La Stampa du 11 octobre a publié une interview de Christopher Sims et Thomas Sargent, auxquels venait d’être décerné le prix Nobel d’économie. Interpellé sur la crise européenne, Sims répond: «L’une de nos études évoquait justement la fragilité de l’union monétaire. Il existe un vice originel, c’est que vous avez une Banque centrale, sans qu’existe une autorité en mesure de décider les politiques fiscales  ou d’émettre des obligations. Ce qui fait que dans des situations de crise comme celle que traverse l’Europe aujourd’hui, on ne comprend pas qui aurait le pouvoir de prendre les décisions nécessaires.

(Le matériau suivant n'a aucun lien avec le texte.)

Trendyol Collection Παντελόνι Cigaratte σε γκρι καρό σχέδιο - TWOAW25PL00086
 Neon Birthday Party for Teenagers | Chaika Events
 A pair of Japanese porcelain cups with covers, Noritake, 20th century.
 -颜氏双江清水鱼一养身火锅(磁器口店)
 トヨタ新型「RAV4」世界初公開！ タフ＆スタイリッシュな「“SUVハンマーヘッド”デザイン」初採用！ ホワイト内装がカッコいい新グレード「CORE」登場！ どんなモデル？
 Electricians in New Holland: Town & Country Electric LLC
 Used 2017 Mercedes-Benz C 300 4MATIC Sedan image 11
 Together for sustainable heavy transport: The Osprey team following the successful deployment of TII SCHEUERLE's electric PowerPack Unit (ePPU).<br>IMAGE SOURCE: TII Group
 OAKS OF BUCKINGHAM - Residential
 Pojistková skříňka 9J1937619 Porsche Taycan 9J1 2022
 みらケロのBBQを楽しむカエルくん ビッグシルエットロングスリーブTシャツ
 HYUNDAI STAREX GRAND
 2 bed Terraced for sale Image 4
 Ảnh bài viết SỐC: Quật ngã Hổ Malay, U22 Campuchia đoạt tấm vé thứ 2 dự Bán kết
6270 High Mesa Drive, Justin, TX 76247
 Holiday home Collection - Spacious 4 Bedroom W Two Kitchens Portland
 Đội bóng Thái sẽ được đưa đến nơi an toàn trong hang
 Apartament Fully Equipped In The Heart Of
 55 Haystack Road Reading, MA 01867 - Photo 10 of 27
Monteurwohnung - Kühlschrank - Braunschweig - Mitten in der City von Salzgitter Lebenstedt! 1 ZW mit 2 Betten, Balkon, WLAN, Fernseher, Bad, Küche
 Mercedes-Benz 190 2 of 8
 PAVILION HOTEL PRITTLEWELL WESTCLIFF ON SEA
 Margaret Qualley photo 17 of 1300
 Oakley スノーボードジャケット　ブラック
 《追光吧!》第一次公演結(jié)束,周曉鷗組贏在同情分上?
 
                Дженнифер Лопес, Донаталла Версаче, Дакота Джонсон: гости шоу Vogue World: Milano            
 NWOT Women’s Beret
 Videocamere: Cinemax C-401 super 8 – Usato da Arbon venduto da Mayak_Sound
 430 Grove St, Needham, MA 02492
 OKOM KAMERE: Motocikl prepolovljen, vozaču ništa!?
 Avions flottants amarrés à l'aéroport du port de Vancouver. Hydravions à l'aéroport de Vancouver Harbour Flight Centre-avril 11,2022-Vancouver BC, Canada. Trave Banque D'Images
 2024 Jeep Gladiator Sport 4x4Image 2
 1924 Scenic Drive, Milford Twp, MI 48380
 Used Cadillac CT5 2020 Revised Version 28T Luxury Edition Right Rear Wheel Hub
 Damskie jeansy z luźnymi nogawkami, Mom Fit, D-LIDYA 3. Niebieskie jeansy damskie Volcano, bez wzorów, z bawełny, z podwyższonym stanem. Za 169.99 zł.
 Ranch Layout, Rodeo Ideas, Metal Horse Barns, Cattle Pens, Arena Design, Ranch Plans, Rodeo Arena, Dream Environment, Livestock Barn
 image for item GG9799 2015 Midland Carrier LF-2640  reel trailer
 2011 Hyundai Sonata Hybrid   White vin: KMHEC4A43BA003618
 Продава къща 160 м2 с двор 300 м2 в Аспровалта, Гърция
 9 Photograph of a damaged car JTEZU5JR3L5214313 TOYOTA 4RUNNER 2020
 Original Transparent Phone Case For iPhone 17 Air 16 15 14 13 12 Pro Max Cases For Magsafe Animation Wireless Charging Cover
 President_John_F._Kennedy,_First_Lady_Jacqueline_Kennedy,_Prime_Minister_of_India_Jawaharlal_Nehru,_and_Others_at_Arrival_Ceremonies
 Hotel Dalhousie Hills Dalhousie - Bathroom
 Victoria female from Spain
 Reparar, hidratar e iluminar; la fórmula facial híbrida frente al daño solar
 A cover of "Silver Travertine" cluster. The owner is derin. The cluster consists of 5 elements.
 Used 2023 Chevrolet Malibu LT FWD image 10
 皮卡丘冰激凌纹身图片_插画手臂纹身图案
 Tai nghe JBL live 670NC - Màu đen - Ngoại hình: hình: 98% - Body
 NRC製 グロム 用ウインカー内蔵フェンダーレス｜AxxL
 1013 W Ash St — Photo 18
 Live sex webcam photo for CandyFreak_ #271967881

Si vous n’ajoutez pas à la Banque centrale une autorité capable d’émettre des obligations européennes et de coordonner les politiques fiscales, les perspectives de l’euro sont sombres». Quant à Sargent, il fait une réflexion analogue: «Quand les États-Unis ont été créés, à la fin du dix-huitième siècle, les conditions de l’Amérique de l’époque étaient semblables à celles de l’Europe d’aujourd’hui. Les treize états existants avaient tous le pouvoir de battre monnaie, de contracter des dettes, et de décider de leur politique fiscale, face à un gouvernement fédéral extrêmement faible. Ces états pouvaient même décider de leurs propres règles en matière de commerce extérieur, en exposant l’Amérique à de graves pénalisations de la part de Londres. Les pères fondateurs, qui étaient pour la plupart des créditeurs des différents états, ont écrit la Constitution justement pour corriger ce vice de fond. Le gouvernement central s’est chargé de toute la dette des treize états, qui ont perdu en échange l’autonomie absolue qu’ils avaient connue jusque là en matière d’économie». Cette interview a pour titre: «Seules les obligations européennes peuvent sauver l’UE».